Hypervisors don't have errata.


arch/x86/kernel/cpu/bugs.c: if (boot_cpu_has(X86_FEATURE_HYPERVISOR))
arch/x86/kernel/cpu/bugs.c: else if (boot_cpu_has(X86_FEATURE_HYPERVISOR))
arch/x86/kernel/cpu/bugs.c: if (boot_cpu_has(X86_FEATURE_HYPERVISOR)) {
arch/x86/kernel/cpu/bugs.c: if (boot_cpu_has(X86_FEATURE_HYPERVISOR)) {
arch/x86/kernel/cpu/intel.c:if (boot_cpu_has(X86_FEATURE_HYPERVISOR))


Print different vulnerability status in sysfs.

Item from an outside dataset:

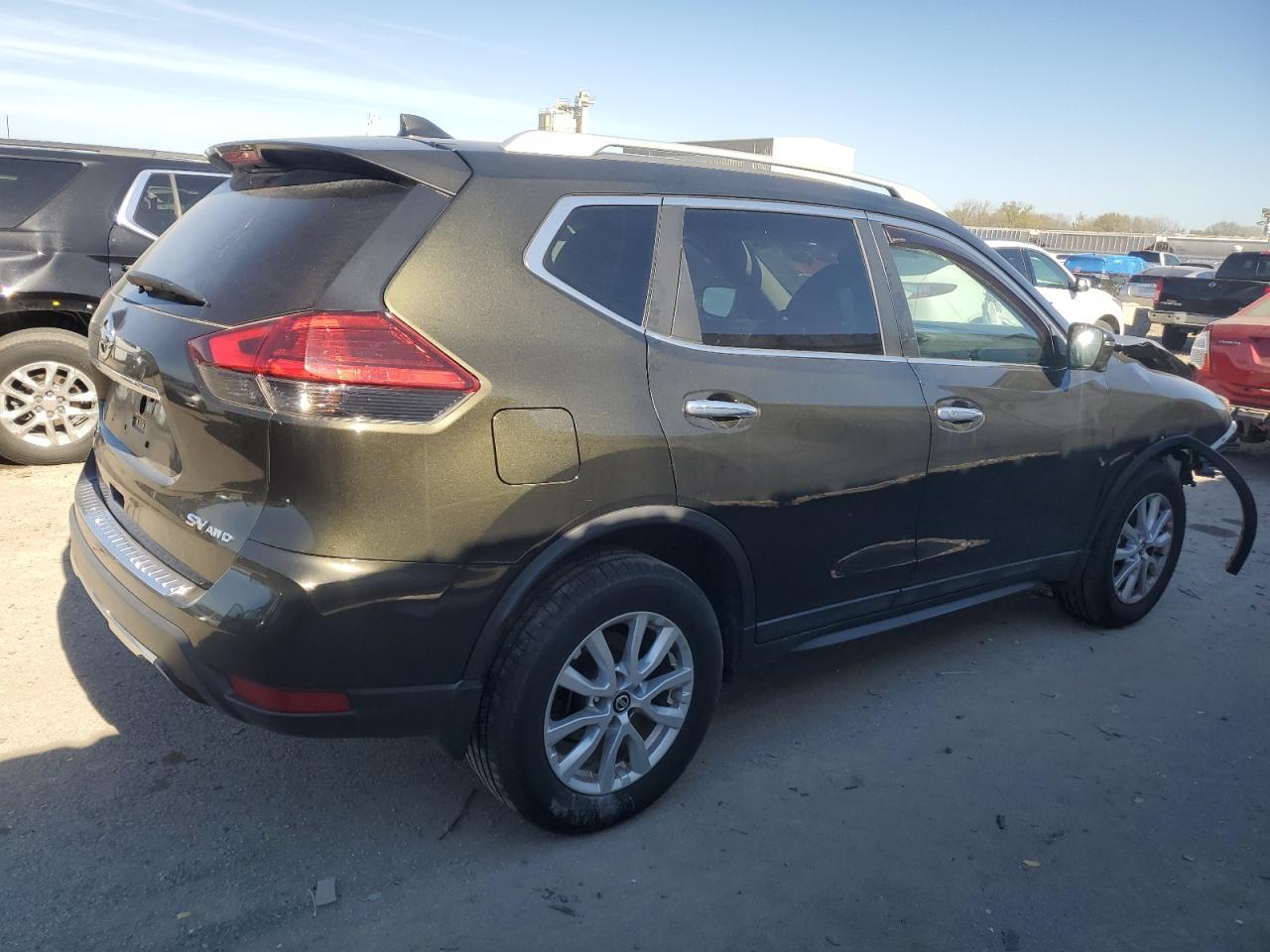 2017 NISSAN ROGUE SV - Фото 3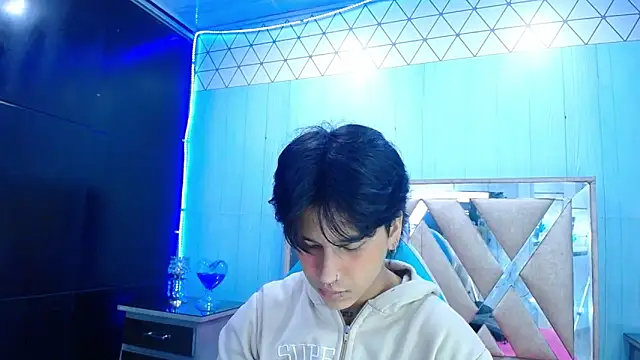 alex 477 online show from 11/10/25, 11:42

arch/x86/kernel/cpu/mshyperv.c: if (!boot_cpu_has(X86_FEATURE_HYPERVISOR))
arch/x86/kernel/cpu/vmware.c: * If !boot_cpu_has(X86_FEATURE_HYPERVISOR), 
vmware_hypercall_mode
arch/x86/kernel/cpu/vmware.c:   if (boot_cpu_has(X86_FEATURE_HYPERVISOR)) {
arch/x86/kernel/jailhouse.c:!boot_cpu_has(X86_FEATURE_HYPERVISOR))
arch/x86/kernel/kvm.c:  if (boot_cpu_has(X86_FEATURE_HYPERVISOR))
arch/x86/kernel/paravirt.c: if (!boot_cpu_has(X86_FEATURE_HYPERVISOR))

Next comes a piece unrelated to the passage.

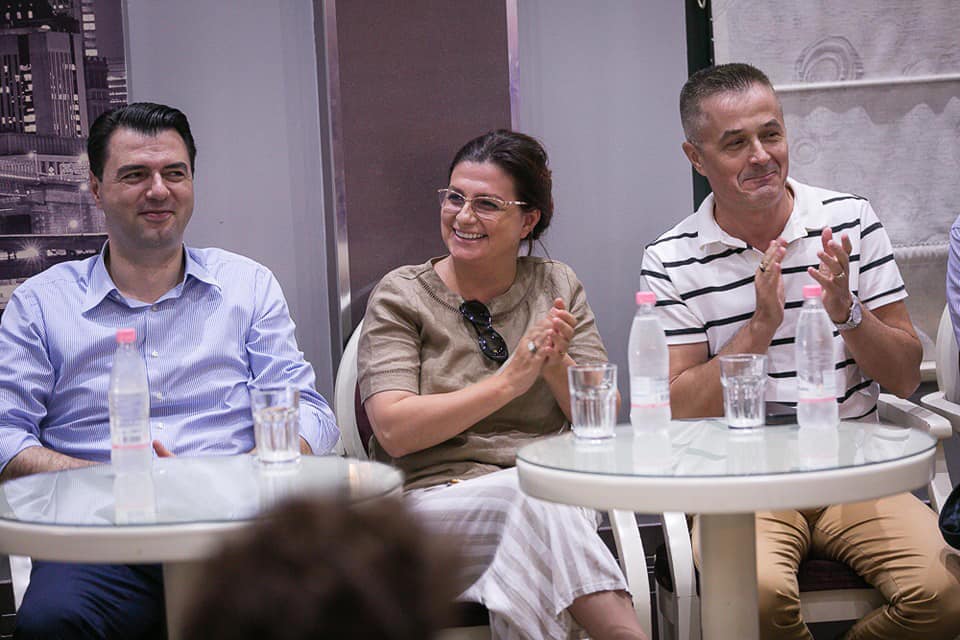 Ish-deputetja Kadiu: Pasurohen vetëm të pushtetshmit, varfërohen njerëzit e thjeshtë e të pambrojtur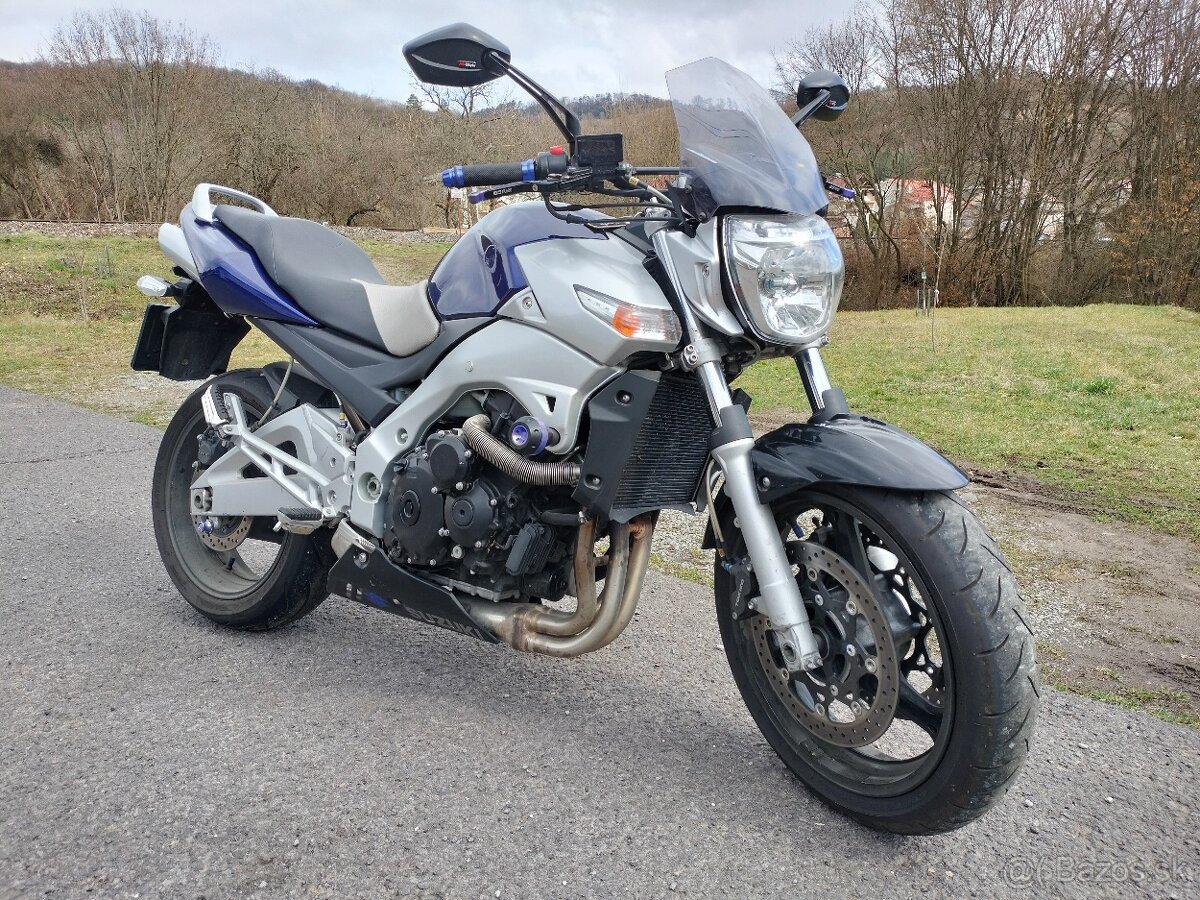 SUZUKI 600 GSR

Obviously needed before using paravirt features of the hypervisor.


arch/x86/kernel/tsc.c:  if (boot_cpu_has(X86_FEATURE_HYPERVISOR) ||


Disables ART in VMs.  Probably the idea is that ART does not have an 
offset field similar to the TSC's, but it's not necessary.  Looking at 
the hypervisor-provided CPUID should be enough.



arch/x86/mm/init_64.c:  if (!boot_cpu_has(X86_FEATURE_HYPERVISOR)) {


Tweaks hotplug heuristics, no MSRs involved.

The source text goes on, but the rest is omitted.